The complexity of data transfer between the two is also an important distinction. If data needs to
be transferred from RAM to VRAM, it must typically pass through the CPU. The CPU coordinates the
process of fetching data from the main memory and transmitting it to the GPU’s VRAM over the PCIe
bus. While this process is relatively efficient, it still introduces some latency due to the transfer.
There is also a difference in physical location and bandwidth. RAM is typically located on the CPU
side and connects to the CPU through memory buses like DDR. VRAM, on the other hand, surrounds
the GPU. Because of this close integration, VRAM typically has higher bandwidth than RAM to meet
the demands of large data transfers during GPU-intensive tasks. For example, GDDR (Graphics DDR)

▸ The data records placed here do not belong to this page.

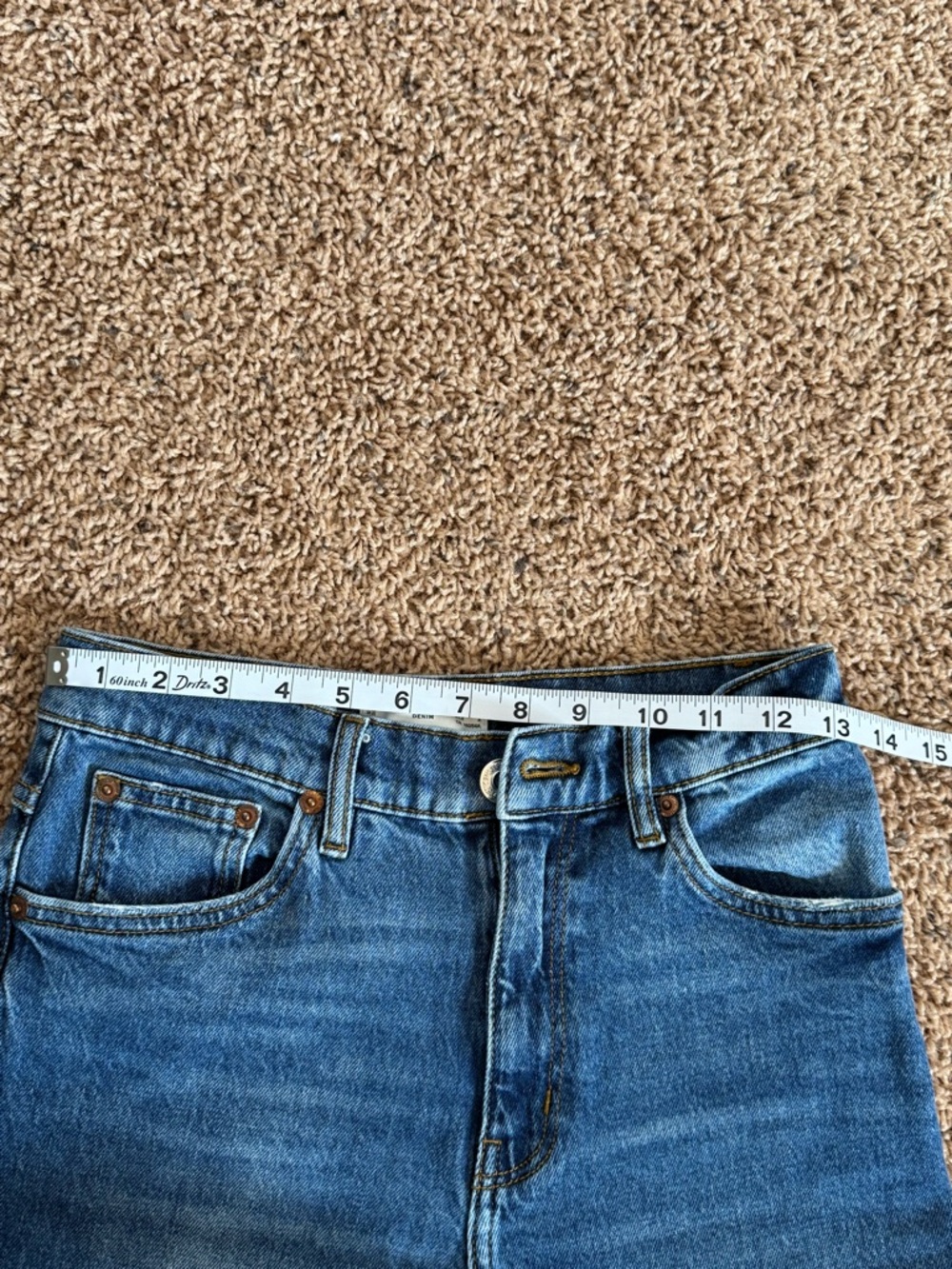 MNG Denim 'MOM' High-Rise Jeans in Classic Blue Size 4 - Picture 7 of 7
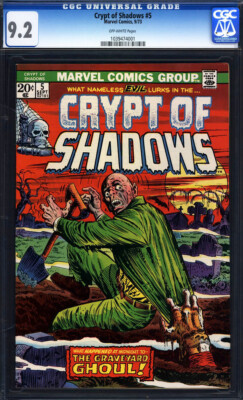 Crypt of Shadows # 5-CGC Universal slab-9.2  NM-  grade..1973  comic book-ef
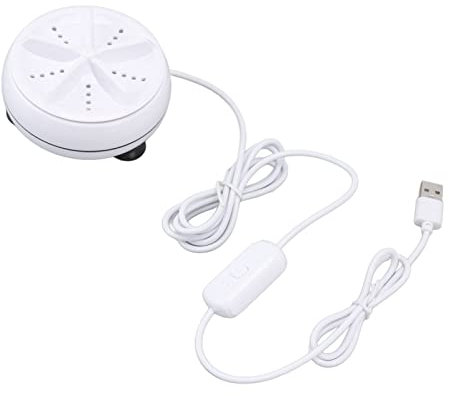 Pilipane Lavadora portátil,Mini Lavadora, Lavadora Secadora de 3,5 x 3,5 x 2 Pulgadas, Lavadora portátil, Lavadora compacta con Carga USB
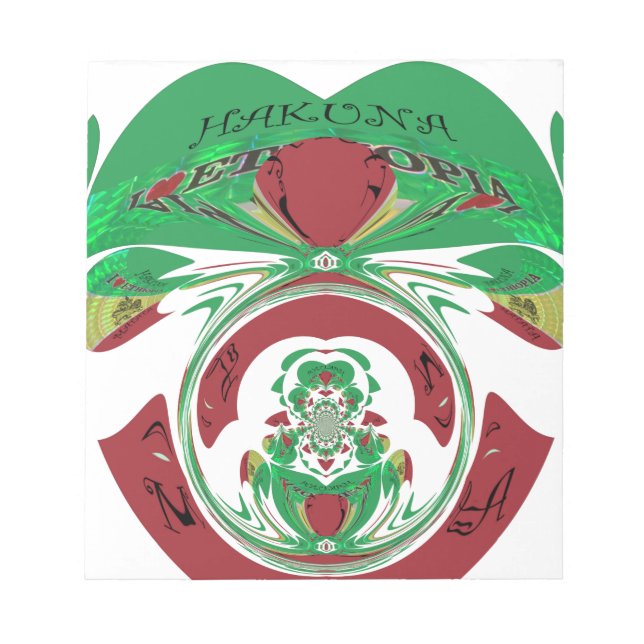 Bloc De Notas Crea tu propio yo amo la bella Etiopía (Frente)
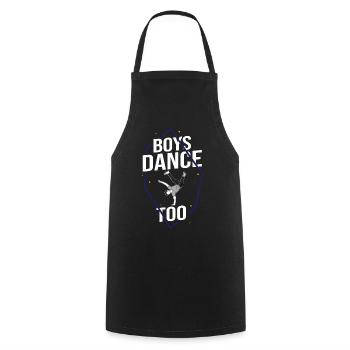 Breakdance Musik Breaking BBoy Bgirl - Kochschürze - Schwarz - Vorne - AI Model Male 185 dark (185cm)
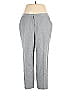 Judy's Group Inc 100% Polyester Chevron-herringbone Gray Dress Pants Size 16 - photo 1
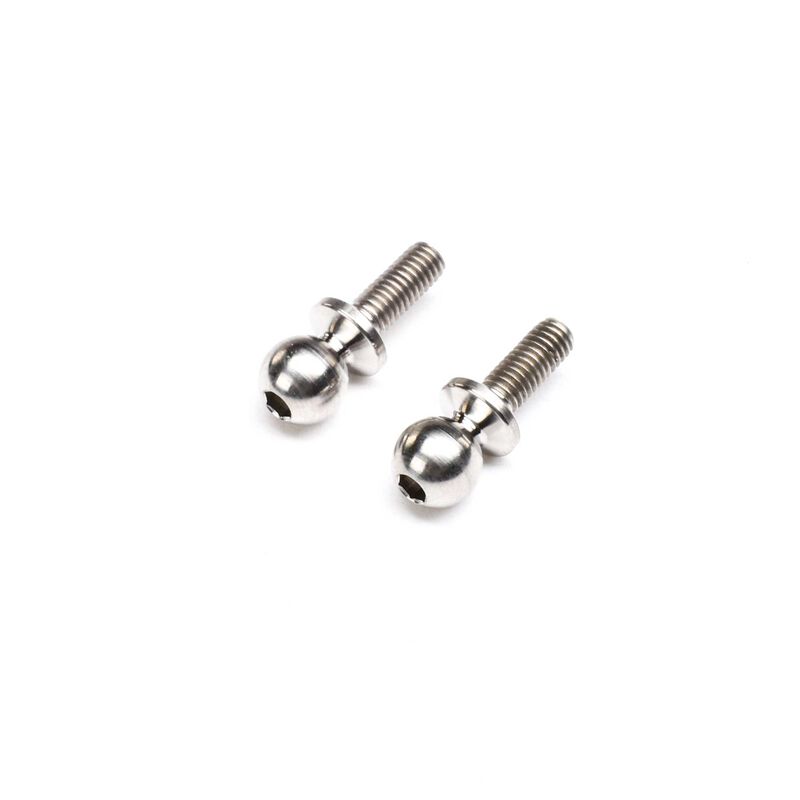 LOSI TLR-1172 Ball Stud, 5.8mm x 8mm, Titanium (2): 22X
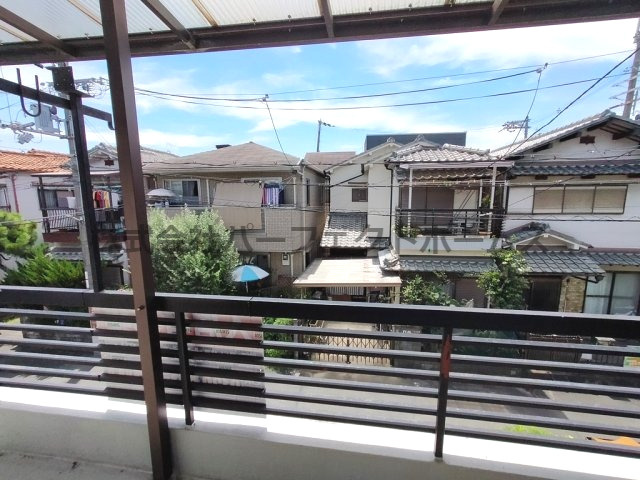 枚方市磯島茶屋町の一戸建ての展望|陽当たり良好です。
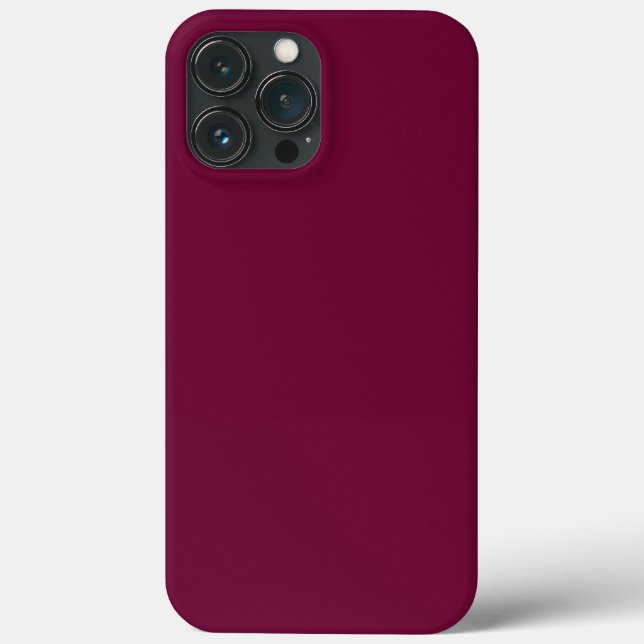 Solid color purple red Case-Mate iPhone hülle (Rückseite)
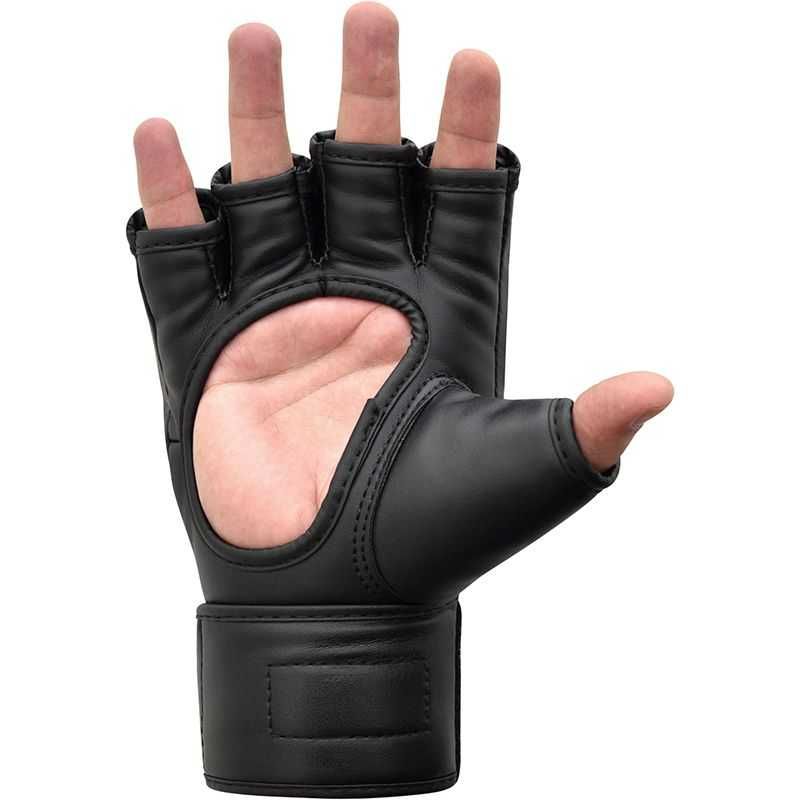 ММА Ръкавици RDX Training MMA Gloves Blue, Ръкавици за Бойни Спортове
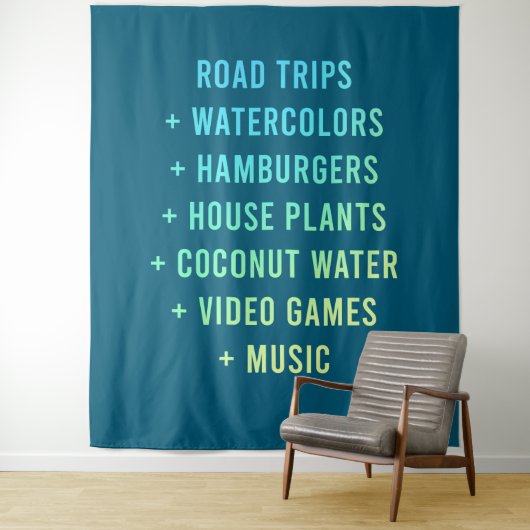 Straßenfahrten und Wasserfarben und Hamburger Wandteppich (Beispiel)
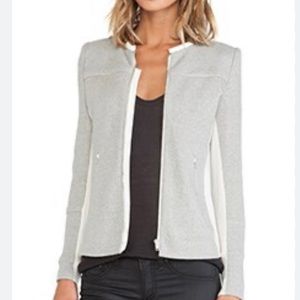 IRO ‘Clever’ Knit Jacket 38/6 Gray/Ivory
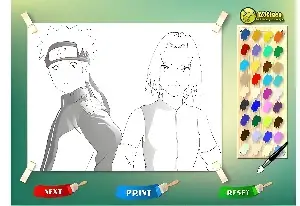 Naruto Coloring Game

memory often has significantly higher bandwidth than standard DDR memory. This high bandwidth
allows the GPU to handle complex graphical rendering and video processing without becoming
bottlenecked by slow data transfer rates.
CPU Cache: Faster Memory Access
The CPU has several levels of cache (L1, L2, and sometimes L3), which are much smaller and faster
than RAM. The CPU cache is used to temporarily store data that is frequently accessed or recently
used, speeding up operations by reducing the need to constantly access slower RAM.
When your deep learning framework, such as PyTorch or TensorFlow, loads small batches of data,
the CPU might place part of that data in its cache to accelerate further computation.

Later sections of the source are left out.